Impact of bound states on non-thermal dark matter production

TL;DR

This paper investigates how non-perturbative effects like Sommerfeld enhancement and bound state formation influence the early Universe production of non-thermal dark matter, revealing significant impacts on model parameters and collider testability.

Contribution

It demonstrates the substantial suppression of dark matter yield due to non-perturbative effects in simplified models with t-channel mediators, altering the cosmological parameter space.

Findings

Dark matter yield is significantly suppressed by non-perturbative effects.

Revised constraints on non-thermal dark matter models from LHC bounds.
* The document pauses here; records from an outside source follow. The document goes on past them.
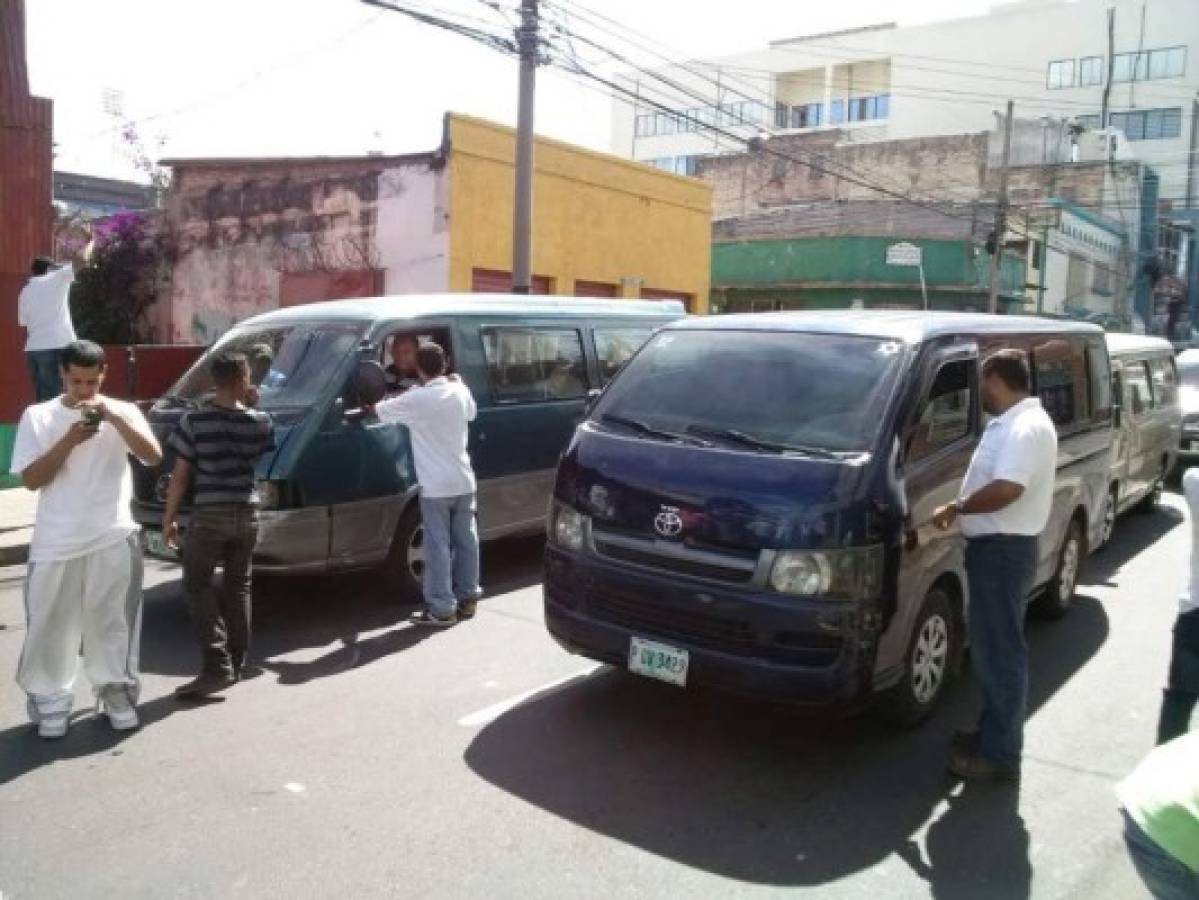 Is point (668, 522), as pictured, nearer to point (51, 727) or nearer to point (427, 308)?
point (51, 727)

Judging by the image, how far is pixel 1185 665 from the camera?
400cm

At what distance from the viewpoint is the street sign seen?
95.7 ft

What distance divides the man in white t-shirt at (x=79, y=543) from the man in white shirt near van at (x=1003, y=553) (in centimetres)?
347

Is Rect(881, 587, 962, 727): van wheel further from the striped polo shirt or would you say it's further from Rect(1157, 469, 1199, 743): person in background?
the striped polo shirt

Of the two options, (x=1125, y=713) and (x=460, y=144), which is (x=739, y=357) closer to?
(x=1125, y=713)

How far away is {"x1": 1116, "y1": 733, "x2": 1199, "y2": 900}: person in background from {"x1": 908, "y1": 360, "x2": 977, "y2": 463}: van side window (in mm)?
2633

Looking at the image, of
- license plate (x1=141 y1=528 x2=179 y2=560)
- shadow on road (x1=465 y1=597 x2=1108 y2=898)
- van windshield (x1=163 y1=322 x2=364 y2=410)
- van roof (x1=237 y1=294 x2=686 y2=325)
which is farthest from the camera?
van roof (x1=237 y1=294 x2=686 y2=325)

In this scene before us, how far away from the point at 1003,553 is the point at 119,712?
3.83m

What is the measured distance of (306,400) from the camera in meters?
6.44

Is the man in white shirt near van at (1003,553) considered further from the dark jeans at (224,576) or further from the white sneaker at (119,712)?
the white sneaker at (119,712)

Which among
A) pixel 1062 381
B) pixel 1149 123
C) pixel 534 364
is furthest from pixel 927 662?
pixel 1149 123

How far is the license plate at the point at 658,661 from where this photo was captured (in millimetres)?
4375

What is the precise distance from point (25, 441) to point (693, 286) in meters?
17.4

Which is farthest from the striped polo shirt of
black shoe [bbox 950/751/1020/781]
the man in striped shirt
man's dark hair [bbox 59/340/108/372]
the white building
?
the white building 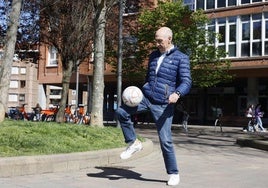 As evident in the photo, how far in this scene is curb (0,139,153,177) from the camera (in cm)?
724

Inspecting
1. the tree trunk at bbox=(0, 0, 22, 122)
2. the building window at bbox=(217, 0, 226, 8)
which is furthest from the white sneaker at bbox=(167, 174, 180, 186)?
the building window at bbox=(217, 0, 226, 8)

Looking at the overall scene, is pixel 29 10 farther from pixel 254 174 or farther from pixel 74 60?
pixel 254 174

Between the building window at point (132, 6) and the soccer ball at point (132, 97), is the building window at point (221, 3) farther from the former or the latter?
the soccer ball at point (132, 97)

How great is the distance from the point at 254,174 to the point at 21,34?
1993cm

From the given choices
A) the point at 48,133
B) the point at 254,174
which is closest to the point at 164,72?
the point at 254,174

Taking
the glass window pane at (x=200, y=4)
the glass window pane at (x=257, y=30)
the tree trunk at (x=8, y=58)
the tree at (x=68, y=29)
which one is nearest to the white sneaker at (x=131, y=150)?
the tree trunk at (x=8, y=58)

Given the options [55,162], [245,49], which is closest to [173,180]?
[55,162]

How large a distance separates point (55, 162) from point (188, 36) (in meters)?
20.3

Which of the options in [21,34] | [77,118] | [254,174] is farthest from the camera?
[77,118]

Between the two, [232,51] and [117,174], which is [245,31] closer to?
Answer: [232,51]

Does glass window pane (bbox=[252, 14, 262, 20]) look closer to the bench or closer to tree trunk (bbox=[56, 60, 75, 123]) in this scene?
the bench

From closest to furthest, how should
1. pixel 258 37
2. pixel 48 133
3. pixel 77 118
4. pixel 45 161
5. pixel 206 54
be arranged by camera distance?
1. pixel 45 161
2. pixel 48 133
3. pixel 206 54
4. pixel 77 118
5. pixel 258 37

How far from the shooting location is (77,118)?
32562 mm

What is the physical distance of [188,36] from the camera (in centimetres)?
2725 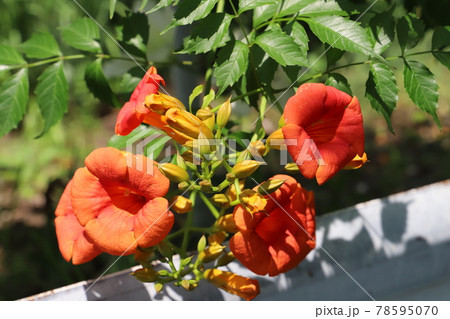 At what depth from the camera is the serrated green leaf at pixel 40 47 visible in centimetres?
197

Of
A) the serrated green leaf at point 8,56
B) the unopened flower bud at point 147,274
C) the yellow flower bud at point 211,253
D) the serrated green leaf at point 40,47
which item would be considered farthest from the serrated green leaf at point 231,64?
the serrated green leaf at point 8,56

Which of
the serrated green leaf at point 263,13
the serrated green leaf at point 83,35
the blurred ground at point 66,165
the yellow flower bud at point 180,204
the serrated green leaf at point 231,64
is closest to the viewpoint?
the serrated green leaf at point 231,64

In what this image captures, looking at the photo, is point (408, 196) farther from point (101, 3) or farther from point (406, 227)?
point (101, 3)

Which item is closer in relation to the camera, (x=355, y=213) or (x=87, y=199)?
(x=87, y=199)

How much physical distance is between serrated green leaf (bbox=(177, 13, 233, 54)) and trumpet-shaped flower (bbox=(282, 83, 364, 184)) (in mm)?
325

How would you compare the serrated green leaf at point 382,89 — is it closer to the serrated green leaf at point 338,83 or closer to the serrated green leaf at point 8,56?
the serrated green leaf at point 338,83

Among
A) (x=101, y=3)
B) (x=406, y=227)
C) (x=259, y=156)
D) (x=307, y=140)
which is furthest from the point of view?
(x=101, y=3)

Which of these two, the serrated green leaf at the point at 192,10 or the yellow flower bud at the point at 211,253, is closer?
the serrated green leaf at the point at 192,10

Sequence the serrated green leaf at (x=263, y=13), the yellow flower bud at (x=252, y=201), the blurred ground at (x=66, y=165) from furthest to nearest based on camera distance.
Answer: the blurred ground at (x=66, y=165) → the serrated green leaf at (x=263, y=13) → the yellow flower bud at (x=252, y=201)

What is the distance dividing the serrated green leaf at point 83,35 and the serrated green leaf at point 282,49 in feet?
2.77

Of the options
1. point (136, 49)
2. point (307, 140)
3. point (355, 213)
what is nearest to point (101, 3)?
point (136, 49)

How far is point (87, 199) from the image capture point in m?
1.53

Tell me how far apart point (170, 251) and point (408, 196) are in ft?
4.42

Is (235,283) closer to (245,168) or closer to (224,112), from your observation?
(245,168) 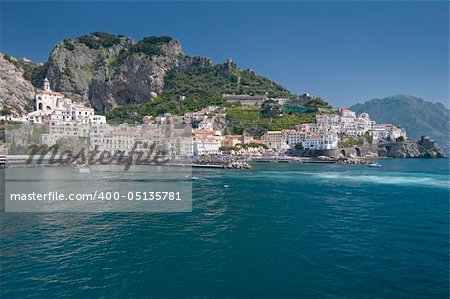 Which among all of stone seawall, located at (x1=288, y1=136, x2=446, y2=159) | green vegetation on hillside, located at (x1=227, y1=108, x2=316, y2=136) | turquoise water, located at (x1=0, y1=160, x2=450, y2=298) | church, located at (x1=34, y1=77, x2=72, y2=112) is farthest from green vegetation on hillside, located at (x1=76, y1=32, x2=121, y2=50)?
turquoise water, located at (x1=0, y1=160, x2=450, y2=298)

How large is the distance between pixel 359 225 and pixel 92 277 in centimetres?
1337

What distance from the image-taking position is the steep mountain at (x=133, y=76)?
318 ft

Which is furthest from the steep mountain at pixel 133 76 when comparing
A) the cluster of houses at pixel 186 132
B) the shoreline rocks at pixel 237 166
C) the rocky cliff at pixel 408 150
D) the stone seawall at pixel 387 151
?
the shoreline rocks at pixel 237 166

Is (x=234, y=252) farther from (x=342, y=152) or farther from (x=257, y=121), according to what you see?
(x=257, y=121)

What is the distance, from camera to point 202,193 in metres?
26.2

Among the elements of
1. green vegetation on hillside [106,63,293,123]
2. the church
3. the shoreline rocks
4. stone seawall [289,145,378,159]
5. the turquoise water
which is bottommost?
the turquoise water

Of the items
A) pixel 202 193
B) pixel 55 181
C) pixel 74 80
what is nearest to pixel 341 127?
pixel 202 193

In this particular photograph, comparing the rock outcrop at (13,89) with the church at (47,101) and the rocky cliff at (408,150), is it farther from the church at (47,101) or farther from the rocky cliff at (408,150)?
the rocky cliff at (408,150)

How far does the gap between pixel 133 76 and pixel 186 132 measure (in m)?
41.4

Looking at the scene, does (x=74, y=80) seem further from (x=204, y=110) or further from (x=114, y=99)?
(x=204, y=110)

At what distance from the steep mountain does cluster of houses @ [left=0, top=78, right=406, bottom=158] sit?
1612 cm

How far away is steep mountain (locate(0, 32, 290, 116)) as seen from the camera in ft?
318

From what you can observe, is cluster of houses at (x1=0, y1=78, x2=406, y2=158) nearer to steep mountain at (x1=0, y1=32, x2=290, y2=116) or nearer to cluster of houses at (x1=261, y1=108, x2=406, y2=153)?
cluster of houses at (x1=261, y1=108, x2=406, y2=153)

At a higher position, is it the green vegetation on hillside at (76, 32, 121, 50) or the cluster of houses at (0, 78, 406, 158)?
the green vegetation on hillside at (76, 32, 121, 50) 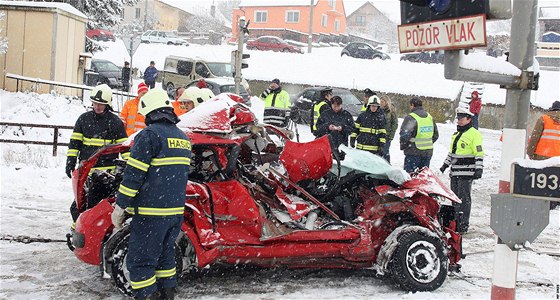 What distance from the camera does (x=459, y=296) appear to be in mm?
6438

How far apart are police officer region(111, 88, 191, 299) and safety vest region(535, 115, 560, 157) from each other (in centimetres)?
652

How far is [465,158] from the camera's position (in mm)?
9219

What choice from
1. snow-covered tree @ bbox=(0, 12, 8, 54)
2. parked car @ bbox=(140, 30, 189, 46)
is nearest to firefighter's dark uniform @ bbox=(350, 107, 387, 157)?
snow-covered tree @ bbox=(0, 12, 8, 54)

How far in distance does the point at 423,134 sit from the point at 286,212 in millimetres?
4725

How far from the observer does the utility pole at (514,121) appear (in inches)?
147

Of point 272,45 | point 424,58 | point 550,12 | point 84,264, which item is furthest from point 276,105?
point 550,12

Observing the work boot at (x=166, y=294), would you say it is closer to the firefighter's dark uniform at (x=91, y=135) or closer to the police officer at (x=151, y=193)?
the police officer at (x=151, y=193)

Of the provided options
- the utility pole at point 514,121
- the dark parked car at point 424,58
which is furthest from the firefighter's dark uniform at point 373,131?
the dark parked car at point 424,58

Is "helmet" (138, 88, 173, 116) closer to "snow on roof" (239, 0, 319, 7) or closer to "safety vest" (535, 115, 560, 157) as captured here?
"safety vest" (535, 115, 560, 157)

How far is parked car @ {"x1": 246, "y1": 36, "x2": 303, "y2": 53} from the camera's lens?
4354 centimetres

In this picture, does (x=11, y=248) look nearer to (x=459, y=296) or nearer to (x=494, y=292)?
(x=459, y=296)

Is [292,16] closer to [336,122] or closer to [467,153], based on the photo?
[336,122]

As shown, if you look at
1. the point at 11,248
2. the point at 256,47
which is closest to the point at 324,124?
the point at 11,248

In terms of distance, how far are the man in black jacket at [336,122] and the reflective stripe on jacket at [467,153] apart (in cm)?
210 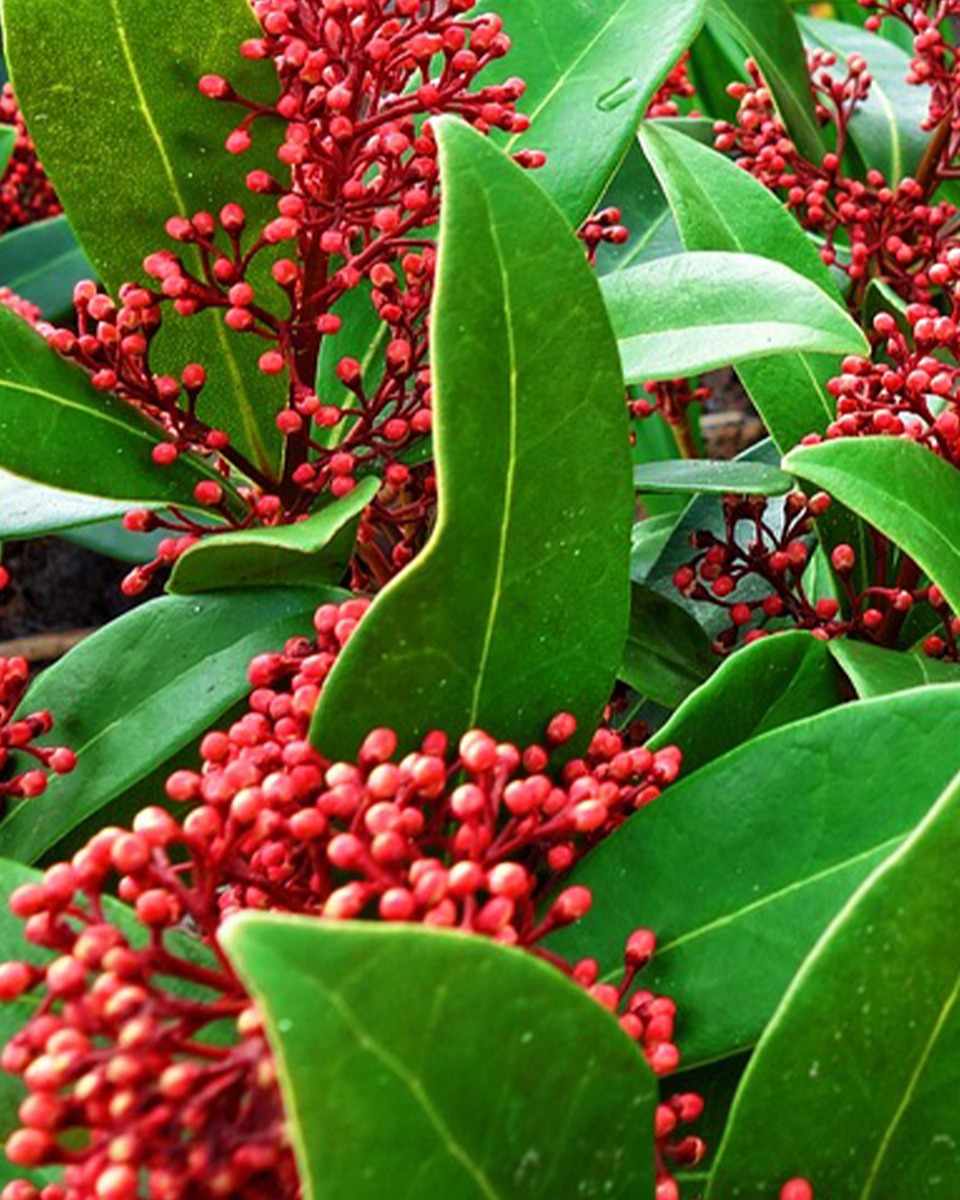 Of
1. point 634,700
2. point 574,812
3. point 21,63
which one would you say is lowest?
point 634,700

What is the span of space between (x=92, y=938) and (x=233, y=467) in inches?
20.7

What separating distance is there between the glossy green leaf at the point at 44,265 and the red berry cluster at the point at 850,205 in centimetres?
78

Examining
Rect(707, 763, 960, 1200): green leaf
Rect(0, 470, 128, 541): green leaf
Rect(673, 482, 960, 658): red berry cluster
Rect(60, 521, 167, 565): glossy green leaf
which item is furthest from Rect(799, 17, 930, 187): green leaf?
Rect(707, 763, 960, 1200): green leaf

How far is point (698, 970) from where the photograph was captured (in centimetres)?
75

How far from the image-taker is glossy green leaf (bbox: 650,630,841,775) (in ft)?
2.81

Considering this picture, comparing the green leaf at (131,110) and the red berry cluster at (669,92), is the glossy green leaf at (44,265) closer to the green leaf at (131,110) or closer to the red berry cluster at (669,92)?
the red berry cluster at (669,92)

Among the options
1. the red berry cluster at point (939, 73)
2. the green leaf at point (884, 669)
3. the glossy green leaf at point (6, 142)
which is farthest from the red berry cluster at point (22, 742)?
the red berry cluster at point (939, 73)

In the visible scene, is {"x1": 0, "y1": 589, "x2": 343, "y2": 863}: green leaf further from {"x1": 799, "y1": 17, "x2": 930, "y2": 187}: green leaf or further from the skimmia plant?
{"x1": 799, "y1": 17, "x2": 930, "y2": 187}: green leaf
Testing these models at the LHC is more challenging than previously thought.

Abstract

We explore the impact of non-perturbative effects, namely Sommerfeld enhancement and bound state formation, on the cosmological production of non-thermal dark matter. For this purpose, we focus on a class of simplified models with t-channel mediators. These naturally combine the requirements for large corrections in the early Universe, i.e. beyond the Standard Model states with long range interactions, with a sizable new physics production cross section at the LHC. We find that the dark matter yield of the superWIMP mechanism is suppressed considerably due to the non-perturbative effects under consideration. This leads to a significant shift in the cosmologically preferred parameter space of non-thermal dark matter in these models. We also revisit the implications of LHC bounds on long-lived particles associated with non-thermal dark matter and find that testing this scenario at the LHC is a bigger challenge than previously anticipated.